Tag Archive: Tim Sullivan

  1. Homeownership Rates, Economic Recovery, and Rental Market Clarity At IMN Miami 2018

    The hot and humid Miami weather didn’t stop a lively mix of homebuilders, land developers, and capital sources from being fully engaged with the all of the topics covered at IMN Miami. The key reoccurring theme throughout the day was the remaining runway in the current recovery—when does the market weaken? Our team critiqued this topic, and also dove into desirable geographies, construction costs, interest rates, the rental industry, and more.

    Macro Overview

    Ali Wolf, Director, Economic Research

    We are now in the second longest economic recovery on record and inflation is on the rise. The good news is that disposable income is at an all-time high and the 10-year bond is still below 3%. The not-so-good news is that rents and mortgage rates are inching up. Debt is also up, and while this is not not necessarily bad, the higher interest rates are a warning sign. Tracking mortgage, auto loans, and consumer debt delinquencies also give early warning signs, but there’s nothing to be worried about yet.

    Public and Private Homebuilder Panel

    Steve LaTerra, Managing Director

    Steve asked the room, “How do private builders compete against public builders?” Builders such as Van Metre Homes have created panelization plants to reduce cycle times, and McGuinn Homes has created deeper capital relationships.

    The second major question was, “Which geographies are desirable?” Since the answer depends on both job growth and limited entitlement difficulties, California does not make the cut. Instead, Steve said to look to the area that falls between urban and suburban zones and stay away from nationals.

    Building Single Family for Rent (SFR) and Building to Sell:  Homebuilder and Financier Perspectives 

    Moderated by Tim Sullivan, Managing Principal

    The origins of the Single Family Rental (SFR) industry came from investors’ desire to buy assets at a deep discount. Nobody was sure the space would work, and the fallback strategy was to sell the rental homes to the renters or other buyers, but now institutional capital accepts SFR. The “older” age of many of the SFR homes (1960 to 1990) requires more maintenance and capex reserves which is costlier to own, driving down yields.  This was the “miss” when many investors got into the space in 2008-2010. Yields are now at 5.6 to 5.9% (they were 50% plus higher in the early days) and price appreciation has been solid. The “fix-and-flip” concept still  works in lower priced markets (where homes are priced under $200k). Lenders in the space may loan from $20k to $40k per month to fix-and-flip operators (per Matt Neisser of Lending One). Some investment groups are buying new homes from homebuilders, which can help the homebuilder move inventory faster.
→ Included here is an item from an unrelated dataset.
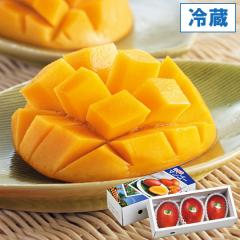 ���n�}���S�[�i��1kg�i2�`4�ʁj�j�y�n���Ёz�y�����ɂ�����E�����s�z�y�n���Ђ̃T�}�[�M�t�g�z��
    The most solid markets for SFRs include: Jacksonville, Raleigh Durham, Orlando, Tampa, and Atlanta.

    Our top tips and tricks for SFRs:

    • Strong property managers are a must
    • Love your banker and tell your story clearly
    • Understand your local market
    • Be careful of expecting a lot more HPA
    General Market Outlook Panel

    Moderated by Jeff Meyers, President


    Homeownership rates have not yet hit their peak and will remain fairly flat. Prices are now back to the previous peak in other markets, which makes things challenging as rates go up. In terms of starts compared to peaks, we should be at 800K new home sales. The rise of the outer suburbs is key to this growth: Suburbs are growing faster than cities and this will drive our opportunities over the next 10 years.

    Relentless Rise In Costs & Home Prices

    Costs have been rising across the board for development loans, concrete, and other materials. Home prices have also been rising but have been shielded by low mortgage rates. It’s important to point out that the process to get a mortgage is more difficult now. Millennials are unable to come up with enough down payment and have been relying on assistance from friends and family. We all know that building more housing will help drive down costs, but we still need to know where new starts will come from. Currently, there isn’t any developable land, and we likely won’t get back to the level we had before.
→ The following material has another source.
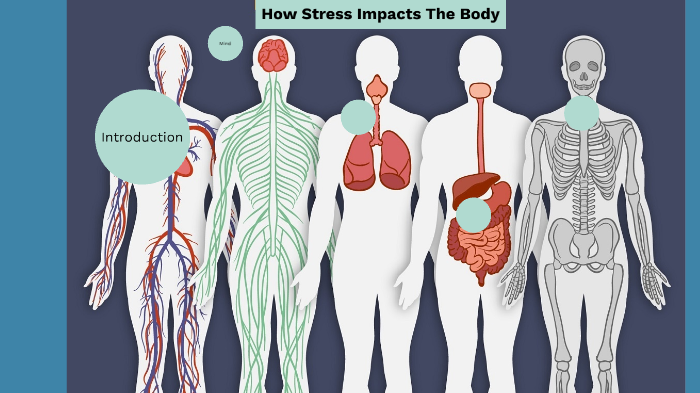 How Stress Impacts The Body by Brooke Truszkowski on Prezi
    Join Us At The Next IMN

    The next IMN will be in Las Vegas on September 24-25, where we will continue the conversation around private equity, debt, and joint venture financing. Register before August 17th to catch the homebuilder early bird registration discount. We hope to see you there!

  2. In Case You Missed IBS & Our 2018 Housing Market Outlook

    IBS Orlando was an inspiring, busy, and exciting way to start off the new year with over 85,000 attendees. Our experts spoke at 6 sessions, hosted a Zonda lounge at the Ritz, and emceed the Nationals. What a whirlwind!
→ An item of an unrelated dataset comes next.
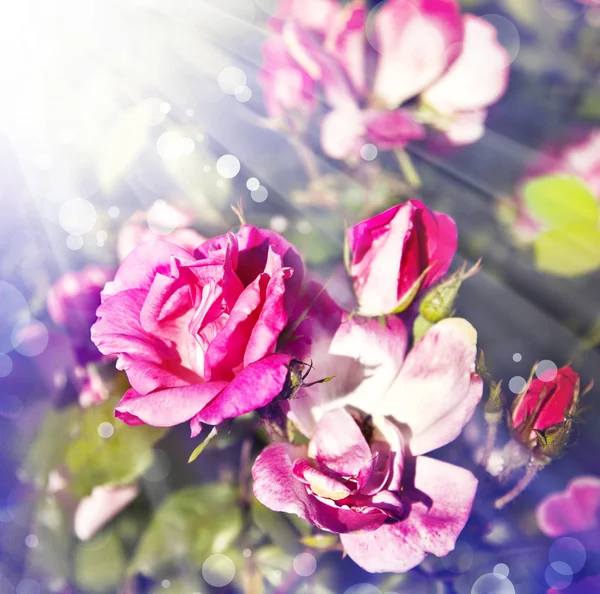 Розовая роза с капли росы — стоковое фото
    If you missed it, have no fear. We packaged up a great recap for you. Find out what Millennials are doing about unaffordable homes, how long this year’s strong economy is predicted to last, and more below.

    Meyers Research IBS 2018

    2018 Starts Off Strong, But How Long Will It Last?

    “We are not oversupplied, prices are starting to level, and we have job growth. Generally, we’re in pretty good shape. 2018 is pretty positive.” –  Tim SullivanManaging Principal

    Watch Tim give an interview on Professional Builder Show Village LIVE where he answers the new year’s most pressing questions:

      1. How long will the economy hold up prior to a downturn? Is a downturn coming?
      2. What could cause the next recession?
      3. For a builder, what would you tell them to pay attention to over the next few years?
      4. Is land development an untapped opportunity?

    Solutions For Millennials Who Struggle With Affordability

    Ali Wolf, our Director of Economic Research, partnered with Danielian Associates Architecture + Planning to marry data & design to figure out the best ways to provide attainable housing for Millennials. Watch her interview and read her top talking points from her session on Millennials below:

    Two Millennials Tell All: Deconstructing Today’s First-Time Buyers And Their Design Preferences

        • Millennials say affordability is the #1 reason they don’t already own a home. In just the past 5 years alone, national incomes have risen 10% compared to 40% price appreciation for new and existing homes. Making matters worse, the demand for bottom-tiered home prices, largely driving by first-time buyers, is pushing prices in this segment up faster than middle- and top-tier homes.
        • We ran the math. A new single-family detached home is unaffordable for the average Millennial in 40% of the top markets in the country, assuming a 10% down payment. Using the same assumptions, only 20% of the top markets are unaffordable when looking at the median attached new home price (assuming a $150 HOA). While Millennials will almost unanimously tell you they are seeking a single-family detached home, many are willing to make a compromise on their first home.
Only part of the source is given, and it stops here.